▸ What the task asks
Word for word, restate the entries below, but exclude the images.

▸ Given data
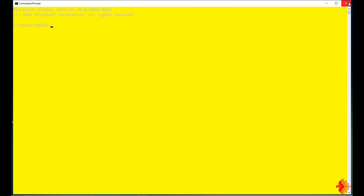The decision is yours whether you want permanent or temporary. If you want temporary, use the COLOR command — it will change the color temporarily. If you want to change the color permanently, use the Properties method. That's all. Thanks for watching.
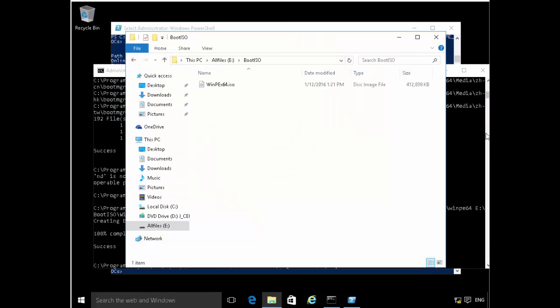Hello and welcome to the second video in this series of demonstrations on Windows 10 in the enterprise. In the last demonstration, we showed a machine where we installed Windows 10 ADK, and after installing that we created a boot image.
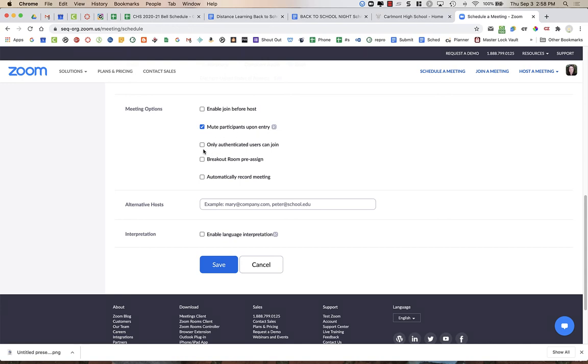You are going to leave authenticated users unchecked for tonight, same with breakout rooms and automatically record.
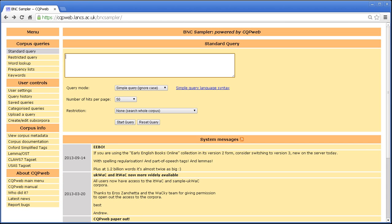This CQP Web Tutorial looks at two aspects of the interface, namely the process for saving queries and then the process for getting back to a query that you have previously saved. These are conveniently dealt with together.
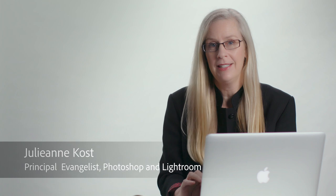Hi, my name is Julianne Kost, and in the next few minutes, we're going to be taking a look at the Libraries panel in Photoshop CC.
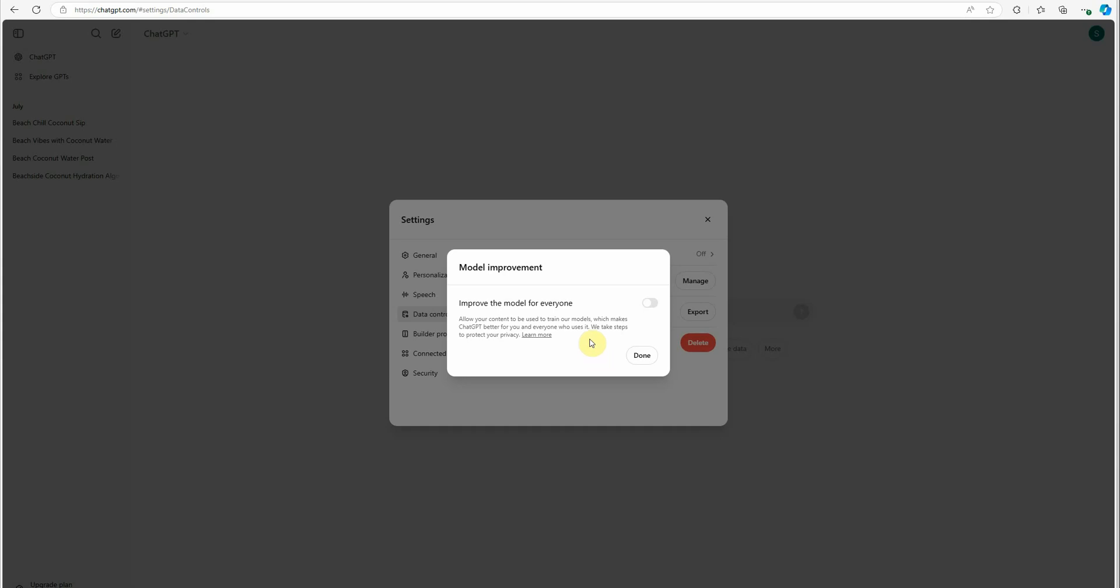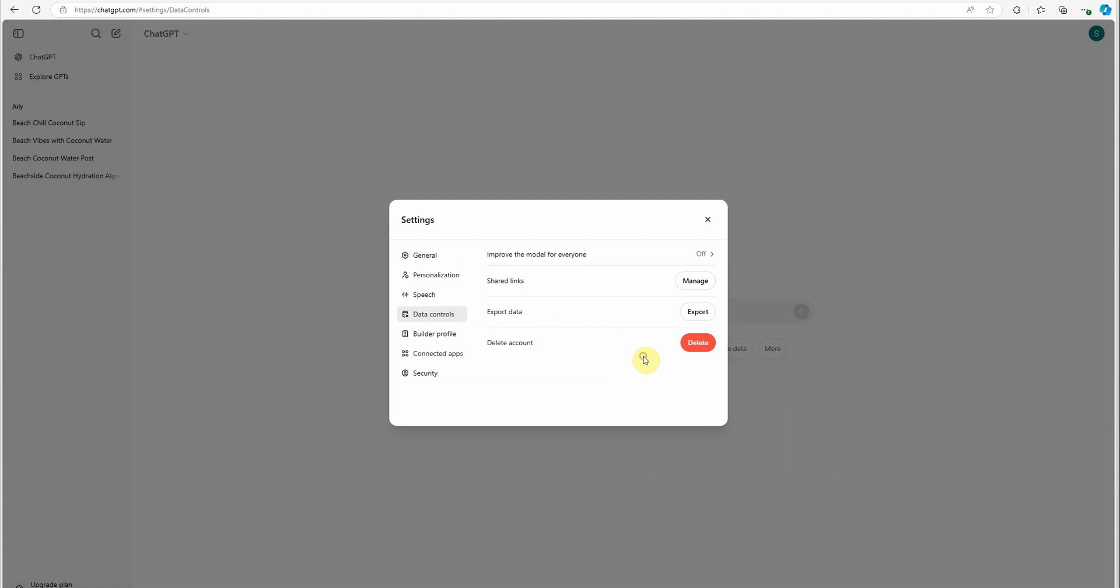It means that whatever you are chatting, whatever questions you are asking, or whatever data you are providing while chatting, all that information will by default be used for training the model. If you don't want to do that, just set it off, click on done, and you are safe.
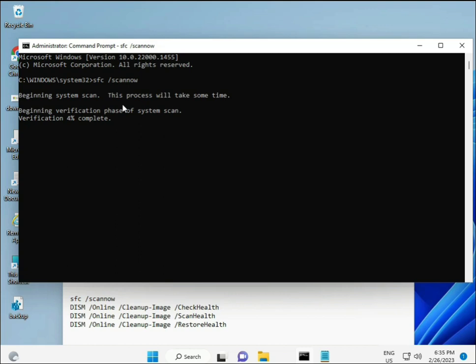The second command checks your computer's health, the third also checks it, and the fourth restores your health. All four commands are very important for your computer. I will give all commands in the description so you can type them manually or copy and paste — whichever you prefer.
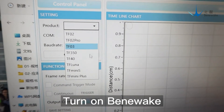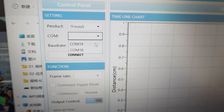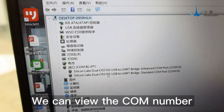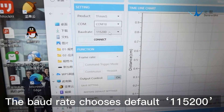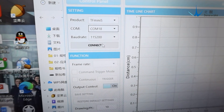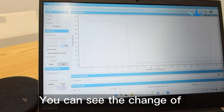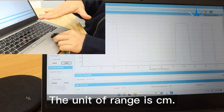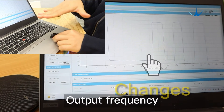Turn on Benevic demonstration software and select TF-MINI-S. Select COM18. You can view the COM number on the port of the device manager. The baud rate chooses the default 115200. Click the connect button. You can see the change of LIDAR range value on the right. The unit of range is centimeter, along with signal strength and output frequency.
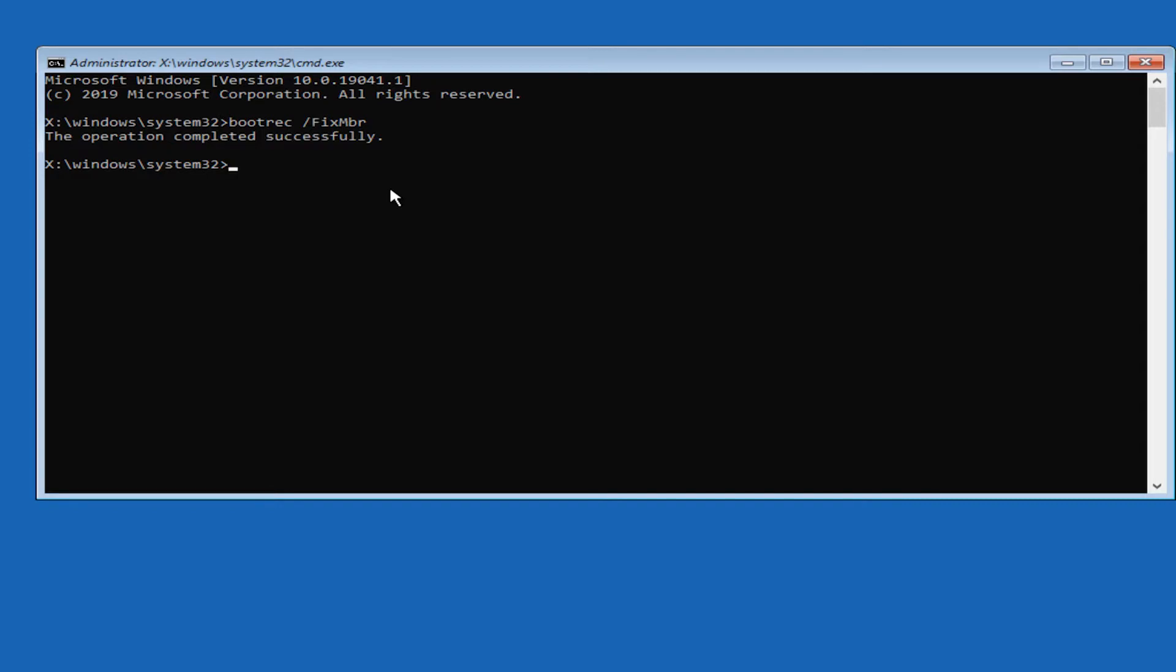Then type in bootrec space forward slash fixboot. You might have the access denied, but if not continue on like this.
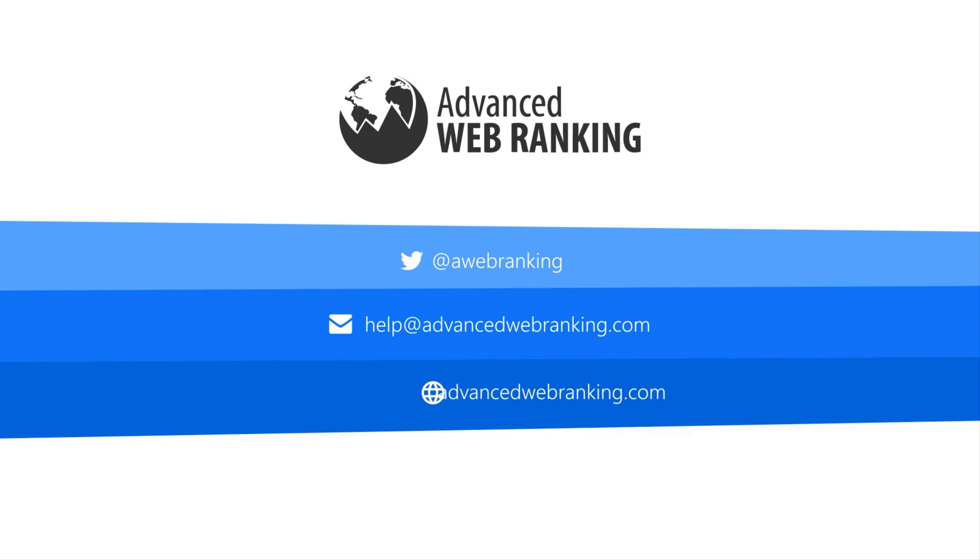And that's it! You're now ready to start tracking and analyzing your website's performance in AWR. Thank you for watching and stay tuned for our next videos!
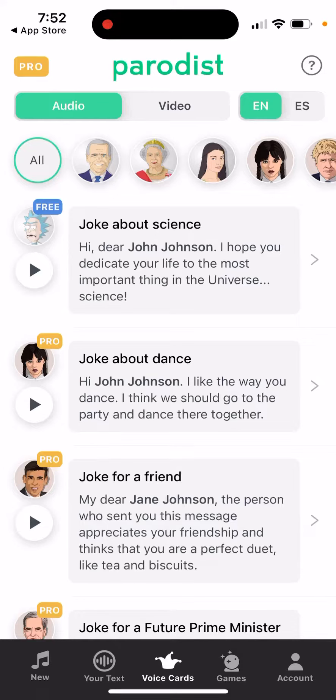How to change name in Paradis app. So when you're just creating an account, basically you don't even need to create an account, you just enter your name.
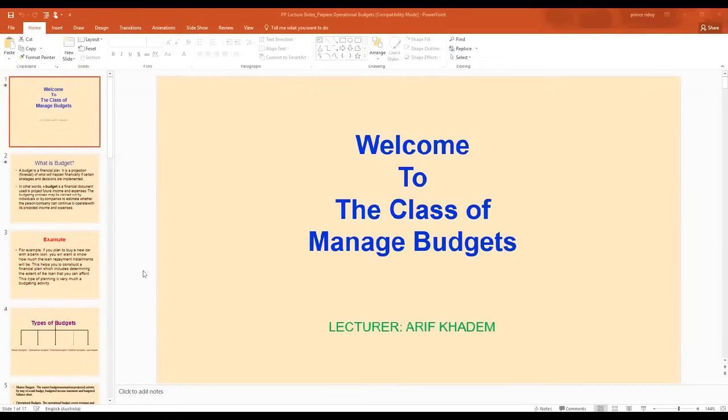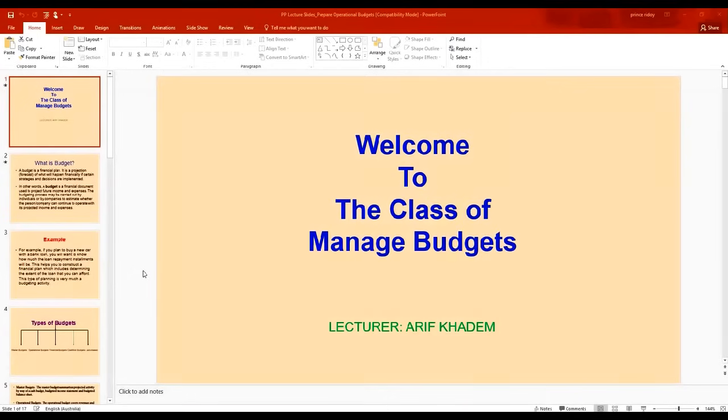Dear viewers, welcome to Arif's Education TV. My name is Arif. In this quick tutorial, I'm going to show you how to print multiple slides in one page.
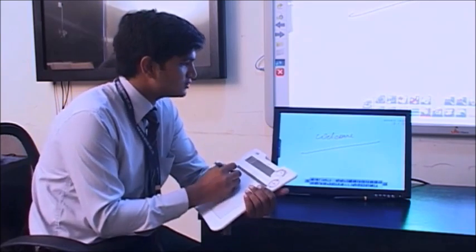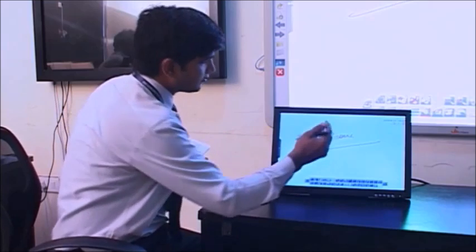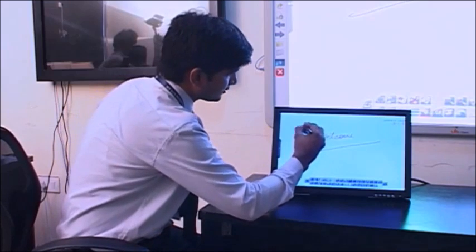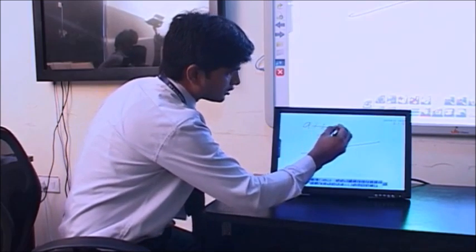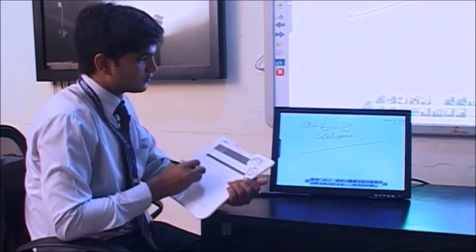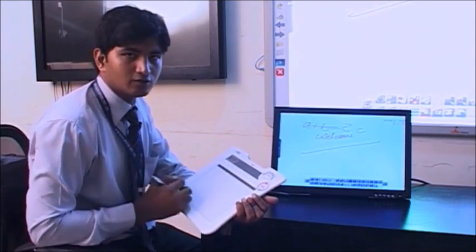Like I want to ask any student, if I am a teacher, I can write any question. A plus B equals to what? Then the student from this pad can answer A plus B equals C.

▸ Response for this exercise
The decision is yours whether you want permanent or temporary. If you want temporary, use the COLOR command — it will change the color temporarily. If you want to change the color permanently, use the Properties method. That's all. Thanks for watching.
Hello and welcome to the second video in this series of demonstrations on Windows 10 in the enterprise. In the last demonstration, we showed a machine where we installed Windows 10 ADK, and after installing that we created a boot image.
You are going to leave authenticated users unchecked for tonight, same with breakout rooms and automatically record.
This CQP Web Tutorial looks at two aspects of the interface, namely the process for saving queries and then the process for getting back to a query that you have previously saved. These are conveniently dealt with together.
Hi, my name is Julianne Kost, and in the next few minutes, we're going to be taking a look at the Libraries panel in Photoshop CC.
It means that whatever you are chatting, whatever questions you are asking, or whatever data you are providing while chatting, all that information will by default be used for training the model. If you don't want to do that, just set it off, click on done, and you are safe.
The second command checks your computer's health, the third also checks it, and the fourth restores your health. All four commands are very important for your computer. I will give all commands in the description so you can type them manually or copy and paste — whichever you prefer.
Turn on Benevic demonstration software and select TF-MINI-S. Select COM18. You can view the COM number on the port of the device manager. The baud rate chooses the default 115200. Click the connect button. You can see the change of LIDAR range value on the right. The unit of range is centimeter, along with signal strength and output frequency.
Then type in bootrec space forward slash fixboot. You might have the access denied, but if not continue on like this.
And that's it! You're now ready to start tracking and analyzing your website's performance in AWR. Thank you for watching and stay tuned for our next videos!
How to change name in Paradis app. So when you're just creating an account, basically you don't even need to create an account, you just enter your name.
Dear viewers, welcome to Arif's Education TV. My name is Arif. In this quick tutorial, I'm going to show you how to print multiple slides in one page.
Like I want to ask any student, if I am a teacher, I can write any question. A plus B equals to what? Then the student from this pad can answer A plus B equals C.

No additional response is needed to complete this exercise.